At some point, most found a space in a seat or on the floor and nodded off to sleep, and the bus was quiet again as we made our way down Highway 75, through Hinton and then Merrill as we neared campus for our 3:30 a.m. arrival. With Coach Hanson now at the wheel, I could not help but think how grateful I was to be surrounded once again by a motley crew of wonderful, life-giving young men. When I am in the gym with these guys or they stop by my office for a Tim Hortons coffee or they are over for Sunday soup, I sometimes think to myself “I get to do this!” In a season of transition for our family, I once again realize that I need this team more than they need me, and it reminds me again that God surprises us sometimes when we ask Him to give us what we stand in need of. And while I’m not sure there is such a thing as a good loss, the players used it as motivation that led them to defeat that same Ottawa team a few weeks later and secure the number two ranking in the GPAC tournament, a first for men’s volleyball at Dordt.

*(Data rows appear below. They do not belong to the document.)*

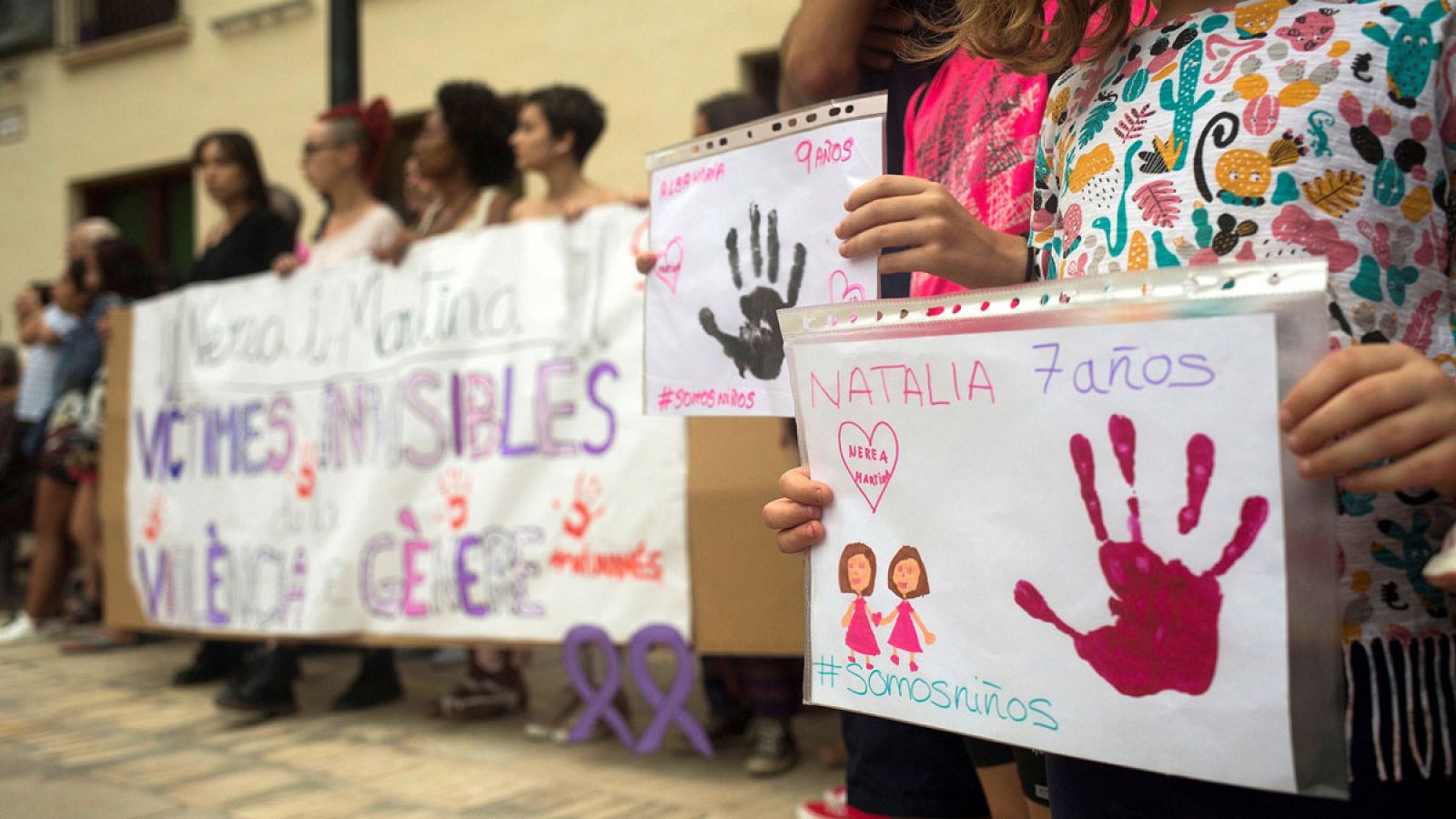 Asesinadas 972 mujeres y 27 menores por violencia machista en EspaAsesinadas 972 mujeres y 27 menores por violencia machista en España desde 2003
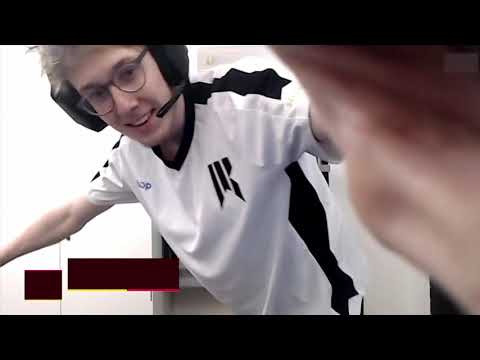 SaberLight Funny Easter Egg Clip from Interviews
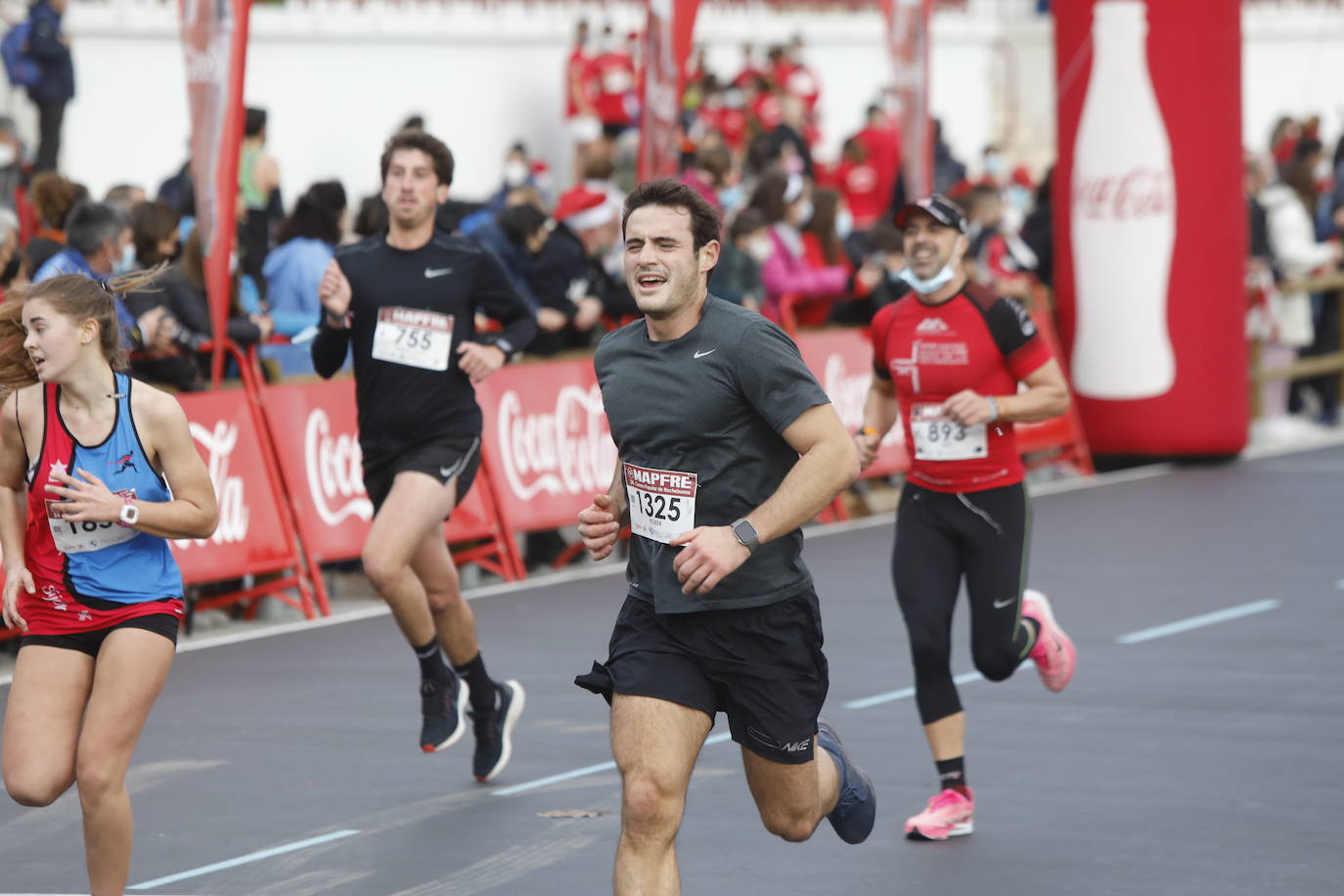 2.500 personas se han dado cita este 24 de diciembre en Gijón para participar en la Carrera Popular de Nochebuena. Beatriz Álvarez (Valencia Atletismo) y Moha Bakkali (Real Sociedad) se hicieron con el triunfo en la prueba absoluta. 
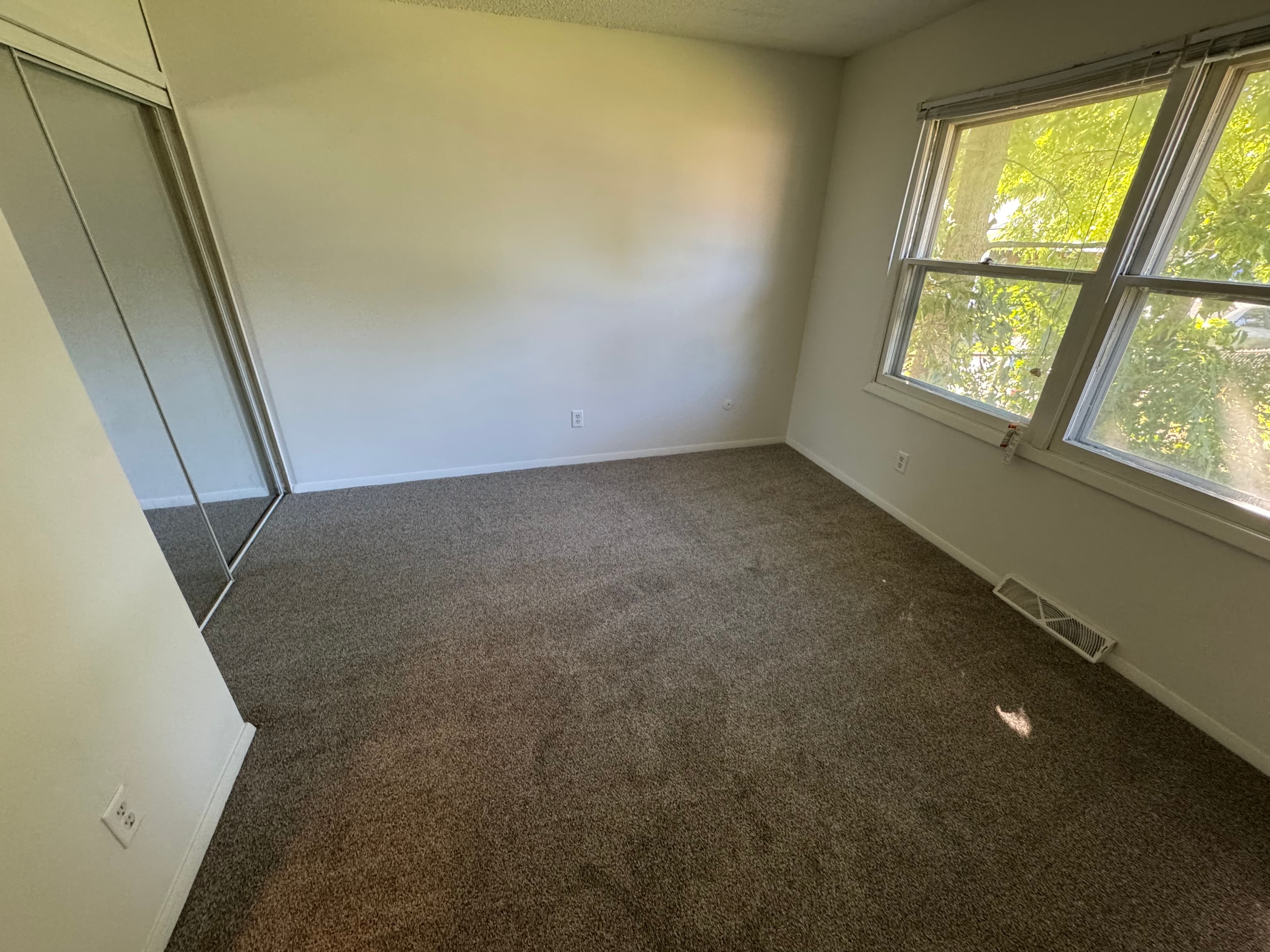 2077 Scarbrough - Photo 8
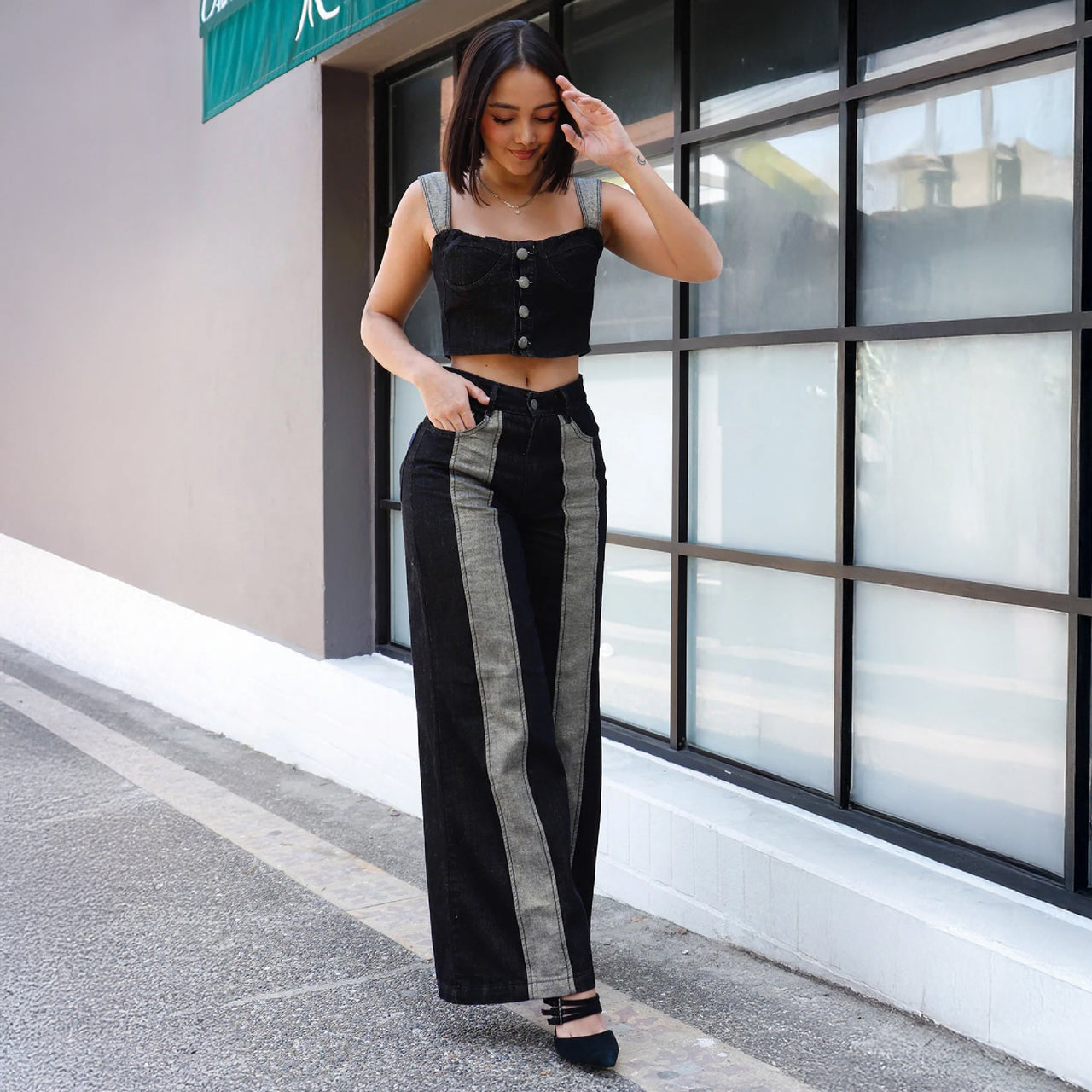 Pant negro con dorado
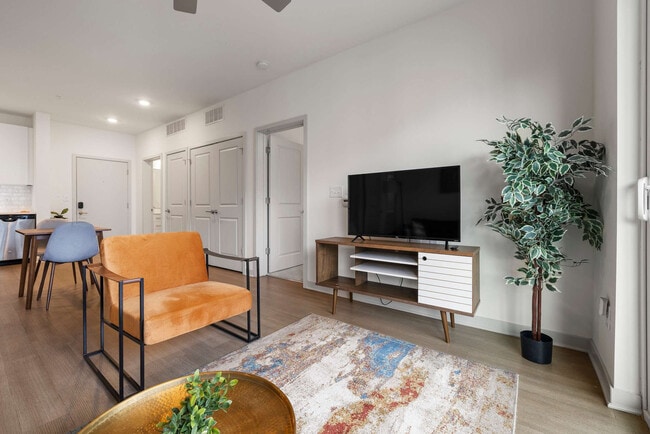 Building Photo - 633 E Main St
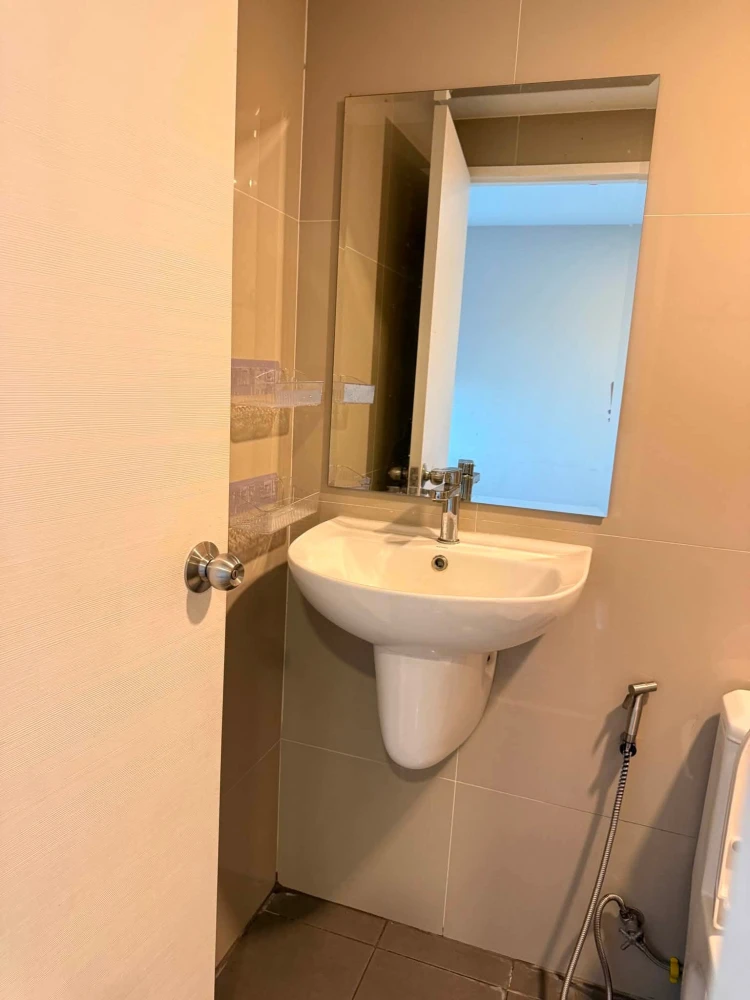 Selling The Indeed Condo Amata, 4th floor unit. Fully furnished, ready to move in!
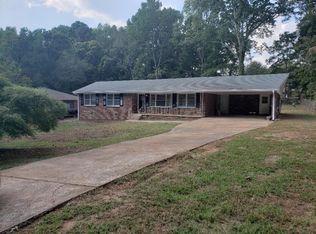 5541 Brady Dr, Stone Mountain, GA 30087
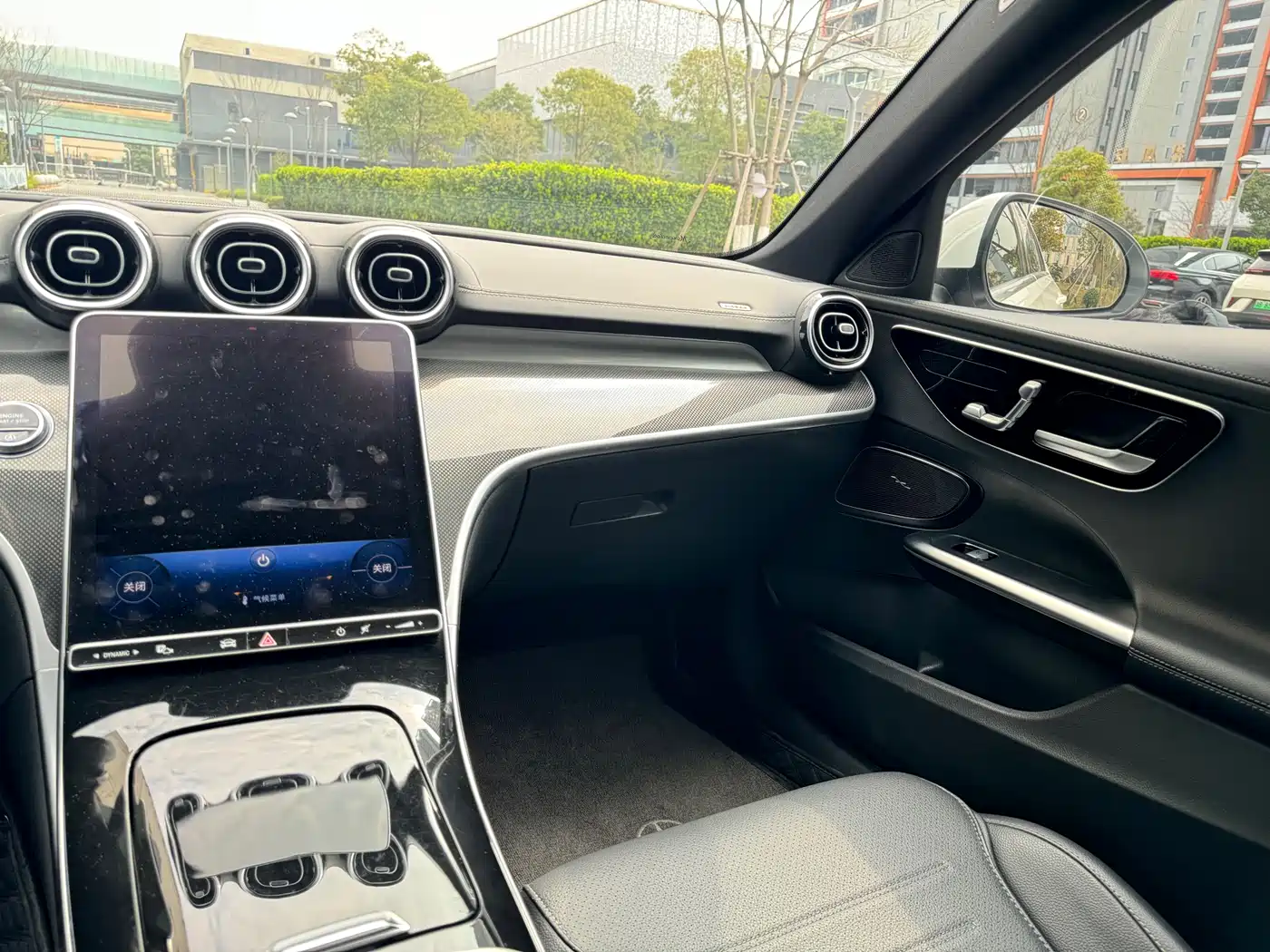Mercedes-Benz C-Class 2023 C 260 L Night Edition Sport фото 7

So why the surprise tears back in July? I’m still not sure, but if home is a safe place to be and a place where you are invited to become more fully the person God created you to be, then that field and those people and those van rides were a bit of a home for me. In their own way, that team provided shelter for me many years ago, and it felt good to be standing on that grass field one more time to give thanks for their short but faithful presence in my life. And now? Well, I hope I can be part of providing that same place and space and shelter for some of the guys on the volleyball team, and my deep hope is that one day some of them return to campus and they might also say, “It’s good to be home”, because it is.